EDITORIAL
Deseret News
Until recently, Utah negotiators may have felt they were in a weak position when it came to working out a deal with Nevada over the future of Snake Valley water. It was assumed that Nevada could simply pump right up to its border, which was why Utah fought to get a federal bill to include a provision that Utah and Nevada would reach an agreement on the water before any of it could be pumped.

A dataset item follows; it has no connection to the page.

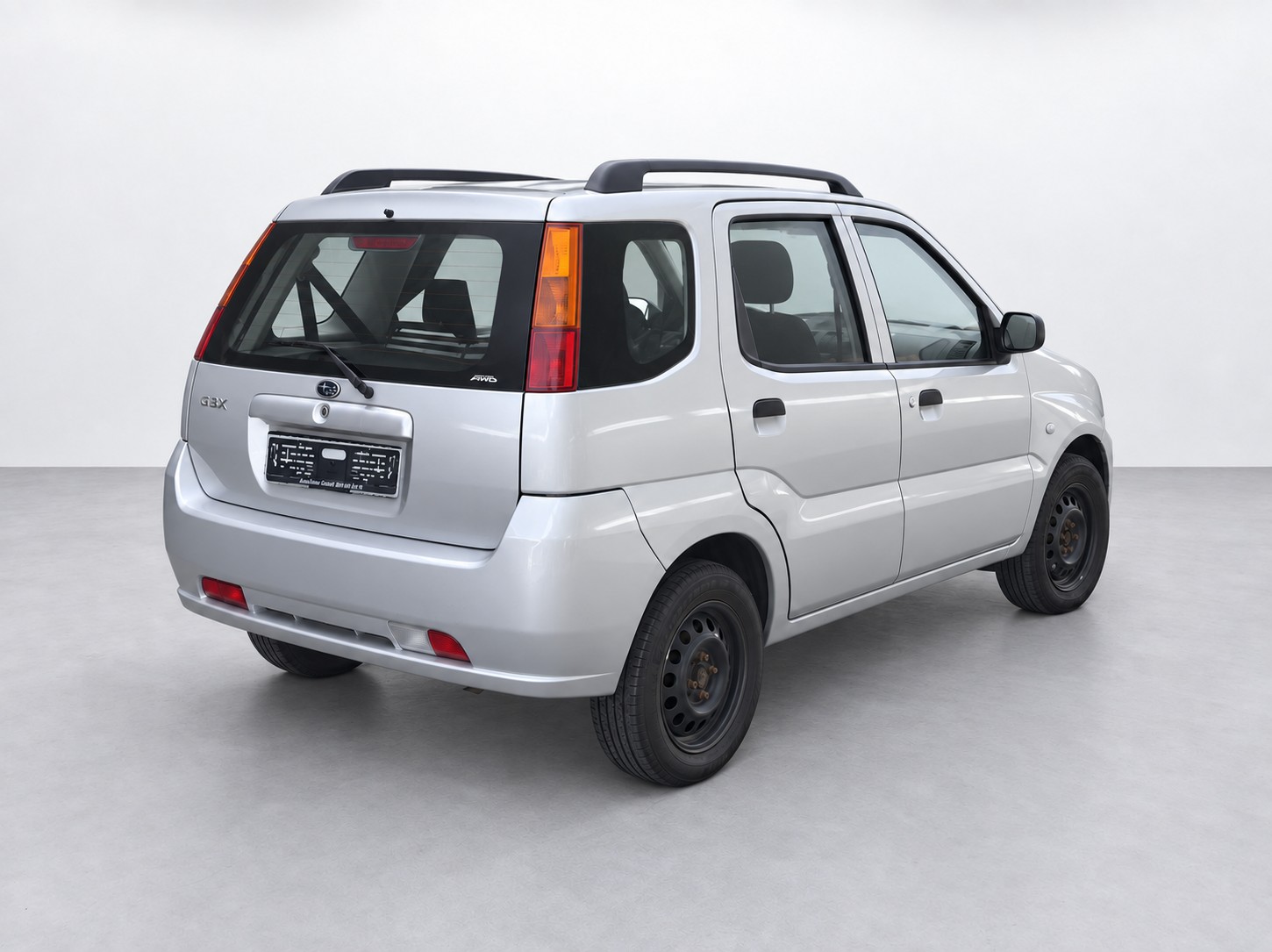 SUBARU G3X Justy 1.5 AWD-image-3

That position has now changed. In a ruling handed down last month, Judge Norman Robinson of Nevada's 7th Judicial District said the Nevada state engineer "abused his discretion" by granting water rights to the Southern Nevada Water Authority in three valleys on the Nevada side of the area. Specifically, the judge said the decision was made without considering how downstream users would be impacted and without using sound science. The consequences to people downstream, he said, could be "oppressive."

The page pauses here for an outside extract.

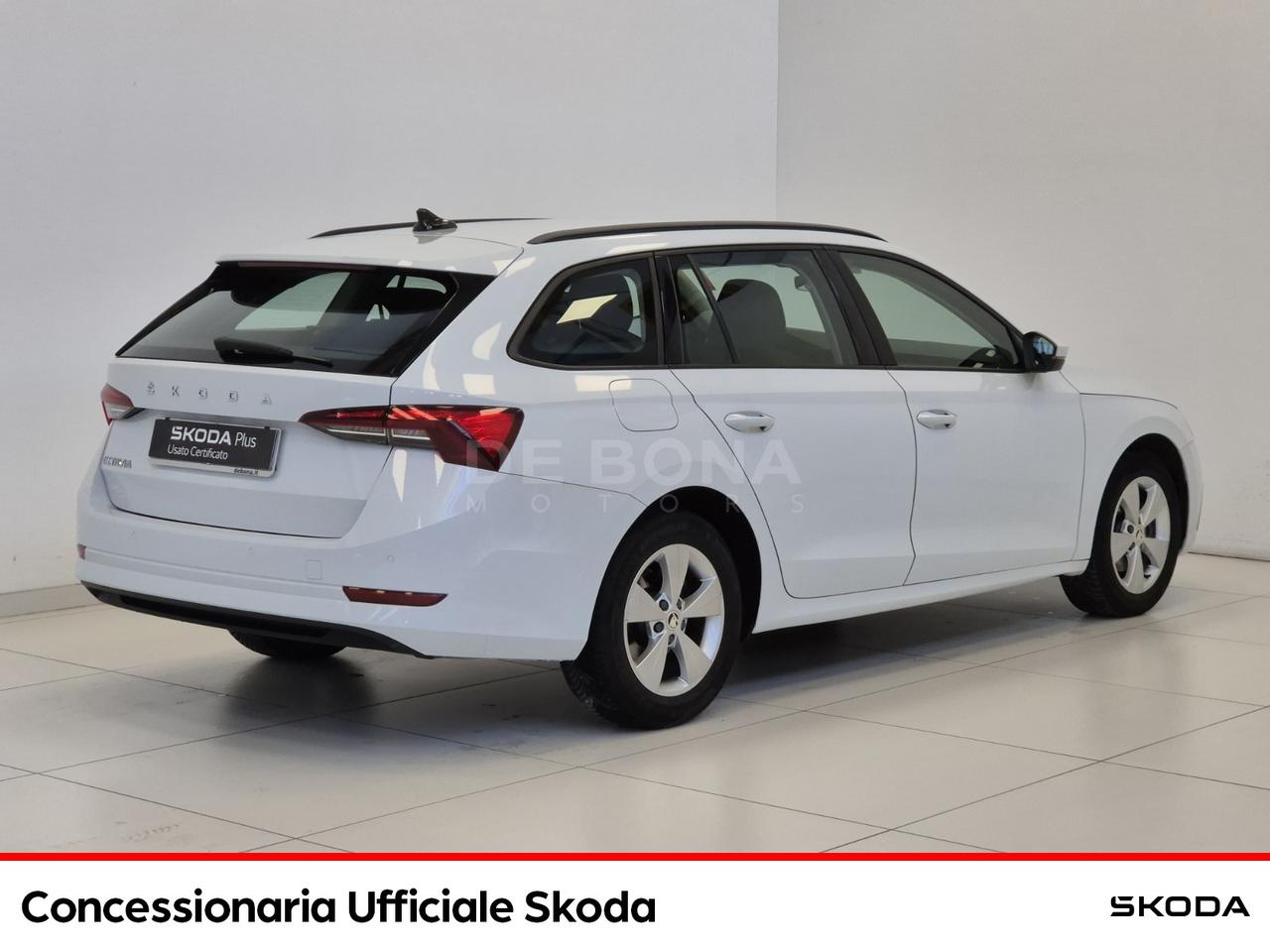 Skoda Octavia wagon 2.0 tdi evo executive 115cv dsg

It can be assumed that people living on the Utah side of the area are just as much downstream as those in Nevada.
"Oppressive" would be a good word to describe how many ranchers in Utah, and even Nevada, feel about the proposal to pump water from beneath their land to sustain growth in Las Vegas. As a front-page story in this newspaper on Sunday detailed, the people who would be affected by the pumping have firsthand knowledge of how precious water is to their way of life. One man described how his own water needs once dried up the well of a neighbor. That puts some perspective on what might happen if tens of thousands of acre-feet are pumped out.
Beyond that, there are scientific questions that cannot easily be answered. If water beneath the valleys was pumped, would fragile greasewood shrubs die, thus leading to loose soil and more frequent dust storms? Would pumping allow contaminated water near the Great Salt Lake to spread underground, leaving the soil above contaminated, as well?
The only definitive way to answer these questions may be to pump the water and see what happens. But even though a draft agreement between the states calls for the close monitoring of environmental impacts, such problems may prove easier to prevent, by not allowing pumping, than to fix.
We hope the Snake Valley Aquifer Advisory Council now asks Utah Gov. Gary Herbert to suspend negotiations with Nevada, and that he agrees. Herbert has yet to sign off on the draft agreement between the states.
Nevada is planning to appeal Judge Robinson's decision. At the least, Utah should back away pending that appeal. The need to quickly get an agreement in place, at least from Utah's point of view, has now vanished.